= Vanberg & DeWulf =

American Belgian beer importer

Vanberg & DeWulf was an American importation business that brought premium Belgian beer to the United States. Its portfolio was purchased by Total Beverage Solution.

== History ==
Vanberg & DeWulf was established in 1982 by Donald Feinberg, and in 1990 his wife, Wendy Littlefield, joined him as a partner in the business. Vanberg & DeWulf has worked exclusively with breweries that are independent, family-run and artisanal in their approach. Vanberg & DeWulf started by offering some of what are now familiar names in Belgian brewing: Duvel first, followed quickly by Castelain, Rodenbach, Kwak, Blanche de Bruges, Affligem, Frank Boon's lambics, Dubuisson, Dupont, and Slaghmuylder. They brought French Bieres de Gardes to the US market, first with Jenlain and then Brasserie Castelain.

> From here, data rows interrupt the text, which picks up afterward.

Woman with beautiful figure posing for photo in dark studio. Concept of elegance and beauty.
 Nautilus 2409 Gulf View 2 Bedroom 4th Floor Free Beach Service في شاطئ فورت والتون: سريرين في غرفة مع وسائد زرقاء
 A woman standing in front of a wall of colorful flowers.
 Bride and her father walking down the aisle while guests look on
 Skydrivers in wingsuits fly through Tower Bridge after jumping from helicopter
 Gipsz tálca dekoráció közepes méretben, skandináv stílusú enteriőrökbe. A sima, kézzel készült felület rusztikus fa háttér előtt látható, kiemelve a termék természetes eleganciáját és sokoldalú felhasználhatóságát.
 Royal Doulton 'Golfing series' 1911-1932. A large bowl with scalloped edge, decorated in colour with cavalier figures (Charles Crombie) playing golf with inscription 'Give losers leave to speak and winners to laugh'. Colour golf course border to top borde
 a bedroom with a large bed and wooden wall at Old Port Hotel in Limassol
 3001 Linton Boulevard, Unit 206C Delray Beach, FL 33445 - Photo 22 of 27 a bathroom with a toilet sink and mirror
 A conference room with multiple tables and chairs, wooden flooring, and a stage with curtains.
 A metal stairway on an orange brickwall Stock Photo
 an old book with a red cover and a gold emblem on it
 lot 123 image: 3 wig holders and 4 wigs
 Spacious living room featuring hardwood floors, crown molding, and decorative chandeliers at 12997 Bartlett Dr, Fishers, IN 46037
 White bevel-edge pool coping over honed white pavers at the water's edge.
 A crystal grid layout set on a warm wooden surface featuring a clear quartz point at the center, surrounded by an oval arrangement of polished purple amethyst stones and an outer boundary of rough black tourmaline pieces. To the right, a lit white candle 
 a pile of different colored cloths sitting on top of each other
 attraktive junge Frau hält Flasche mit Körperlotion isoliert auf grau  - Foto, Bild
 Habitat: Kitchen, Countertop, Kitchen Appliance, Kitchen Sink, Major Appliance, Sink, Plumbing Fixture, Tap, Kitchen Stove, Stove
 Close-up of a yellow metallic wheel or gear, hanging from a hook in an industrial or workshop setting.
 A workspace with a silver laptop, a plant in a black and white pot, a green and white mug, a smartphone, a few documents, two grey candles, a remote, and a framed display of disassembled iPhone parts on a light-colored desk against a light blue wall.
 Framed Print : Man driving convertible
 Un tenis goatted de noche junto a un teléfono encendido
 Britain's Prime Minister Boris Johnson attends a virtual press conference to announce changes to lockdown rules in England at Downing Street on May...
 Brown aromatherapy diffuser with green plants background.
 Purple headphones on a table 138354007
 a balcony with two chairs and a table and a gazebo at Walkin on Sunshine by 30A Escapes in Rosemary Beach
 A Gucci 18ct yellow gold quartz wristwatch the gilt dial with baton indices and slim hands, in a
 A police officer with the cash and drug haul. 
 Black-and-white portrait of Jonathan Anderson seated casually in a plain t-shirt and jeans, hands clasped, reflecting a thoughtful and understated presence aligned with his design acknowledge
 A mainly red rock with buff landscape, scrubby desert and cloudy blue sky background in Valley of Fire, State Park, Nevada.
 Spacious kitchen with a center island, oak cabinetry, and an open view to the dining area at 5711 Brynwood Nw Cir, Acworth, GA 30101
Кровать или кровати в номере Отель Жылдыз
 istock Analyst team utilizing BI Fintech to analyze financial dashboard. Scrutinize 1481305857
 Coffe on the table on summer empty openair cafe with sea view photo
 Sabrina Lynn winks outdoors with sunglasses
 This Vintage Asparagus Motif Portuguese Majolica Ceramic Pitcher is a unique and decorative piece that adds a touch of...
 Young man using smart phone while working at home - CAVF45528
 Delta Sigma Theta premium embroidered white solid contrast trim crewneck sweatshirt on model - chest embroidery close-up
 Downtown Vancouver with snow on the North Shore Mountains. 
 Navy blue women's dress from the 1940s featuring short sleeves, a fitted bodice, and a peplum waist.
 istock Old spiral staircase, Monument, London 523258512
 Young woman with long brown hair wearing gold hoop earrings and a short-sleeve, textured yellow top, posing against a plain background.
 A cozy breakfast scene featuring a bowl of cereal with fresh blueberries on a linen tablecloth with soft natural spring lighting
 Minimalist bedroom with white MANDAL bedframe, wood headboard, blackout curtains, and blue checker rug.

In 1996, Vanberg & DeWulf opened Brewery Ommegang in Cooperstown, New York, with Duvel Moortgat and Scaldis. Brewery Ommegang was the first brewery in the US dedicated to Belgian-style all bottle-conditioned, cork-finished beers. In 2003, Duvel Moortgat purchased Vanberg & DeWulf's majority stake in Ommegang as well as Vanberg & DeWulf's import rights to import Duvel beers.

Following the sale of Ommegang, Feinberg rebuilt the remaining portfolio over the next five years.

In 2011, Vanberg & DeWulf celebrated 30 years of bringing Belgian beers to the United States with the Coast-to-Coast-Toast, a nationwide promotion of Belgian beer. 350 of the top Belgian beer accounts in the United States participated in the event, in conjunction with Untappd. Vanberg & DeWulf has since celebrated the Coast-to-Coast Toast annually in November as a celebration of craft and family-run breweries, and it has become the largest one-day celebration of craft and specialty beer culture in the country.

In 2014, its portfolio was purchased by Total Beverage Solution.

== Beers ==
Vanberg & DeWulf imported forty-three beers from eleven breweries in four countries representing more than twenty styles, mostly Belgian or Belgian-influenced. The company represented beers brewed by:

Belgian Classic Brewers:
- Geuzestekkerij DeCam – (Gooik, Belgium)
- Brasserie Dubuisson (Pipaix, Belgium)
- Brasserie Dupont (Tourpes, Belgium)
- Brouwerij Slaghmuylder (Ninove, Belgium)
- Brouwerij Dilewyns (Dendermonde, Belgium)

The Vanberg & DeWulf “Honorary Belgian Beer” collection of beers includes:
- Brasserie Castelain (Benifontaine, France) Bieres de Gardes
- Amiata Birrificio Artigianale (Arcidosso, Italy)
- Brewery Olvisholt (Iceland)
- Green Jack Brewing Company (UK)
- Borg Brugghús (Iceland)

== Awards & accomplishments ==
- Vanberg & DeWulf published the first US edition of Michael Jackson’s The Great Beers of Belgium in 1995 – now in its 6th printing. They worked closely with Ruth Van Waerebeke the Belgian chef and writer who authored Everybody Eats Well in Belgium, a standard reference for US chefs.
- Don Feinberg and Wendy Littlefield were the first Americans inducted into the Belgian Brewers Guild in its history.
- Feinberg and Littlefield were both nominated for the Mercurius Award, the highest civilian honor given by the Belgium government for the promotion of Belgium abroad, in the late 1990s.
- V&D import Scheldebrouwerij Hop Ruiter won the Gold Medal at the World Beer Championships on January 16, 2012.
- Feinberg and Littlefield were nominated as semi-finalists for a James Beard Foundation Award in 2013 for Outstanding Wine, Spirits, or Beer Professional, the first beer importers to ever be nominated for the award.
- In 2011, V&D's own Lambrucha, a combination of lambic and kombucha tea, was named the Best Experimental Beer of the year at the U.S. Open Beer Championships.
- In 2014, V&D import Bush de Nuits (Scaldis Prestige de Nuits) was named one of the 100 Top Beers in the World by RateBeer.com.

Many of the beers imported by Vanberg & DeWulf have received World Beer Cup Awards, including three silver, six gold, and one platinum medal in 2012. In 2013, their own Vanberg et Famille Lambickx De Troch scored a 98 and earned a platinum medal.